▸ EXERCISE REQUIREMENTS:
Exactly as written, retype the listing below, omitting the pictures.

▸ GIVEN MATERIAL:

= Beginning of Section =

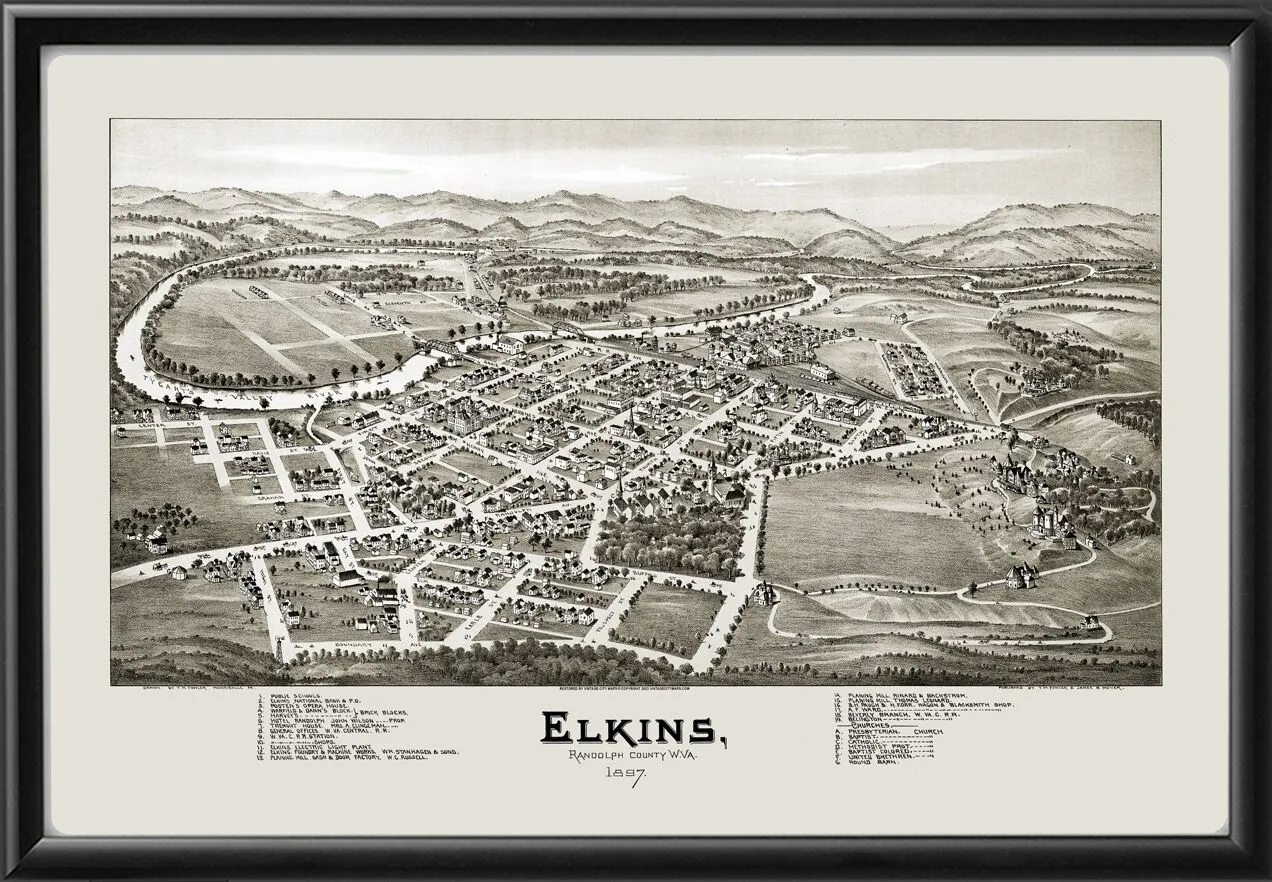 Elkins WV 1897 TMFowler TM Birds Eye View Map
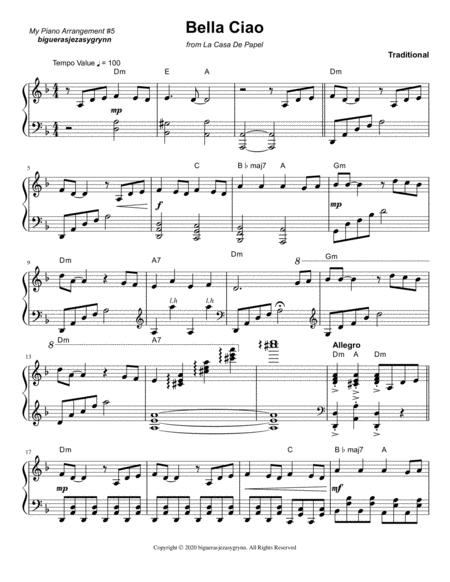 Bella Ciao La Cassa De Papel For Piano Sheet Music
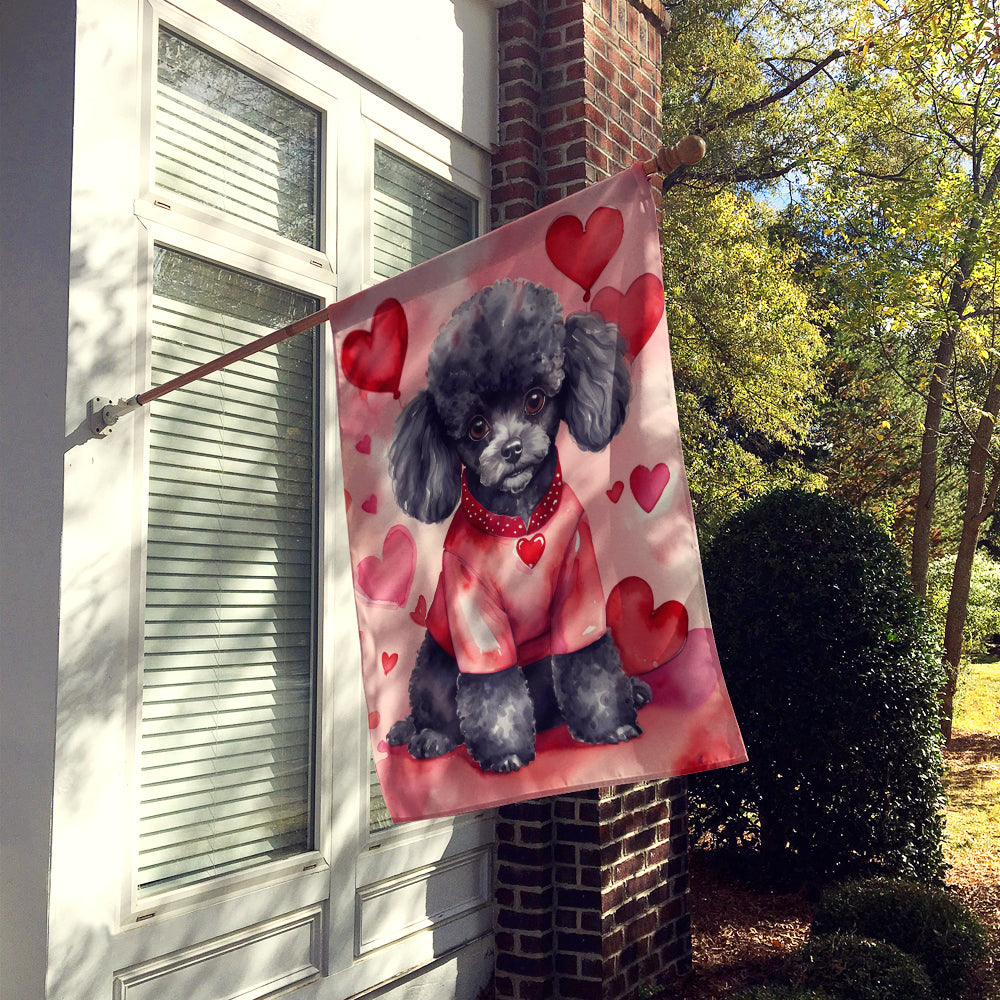 Black Poodle My Valentine House Flag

= End of Section =

▸ OUTPUT OF THE EXERCISE:
 Elkins WV 1897 TMFowler TM Birds Eye View Map
 Bella Ciao La Cassa De Papel For Piano Sheet Music
 Black Poodle My Valentine House Flag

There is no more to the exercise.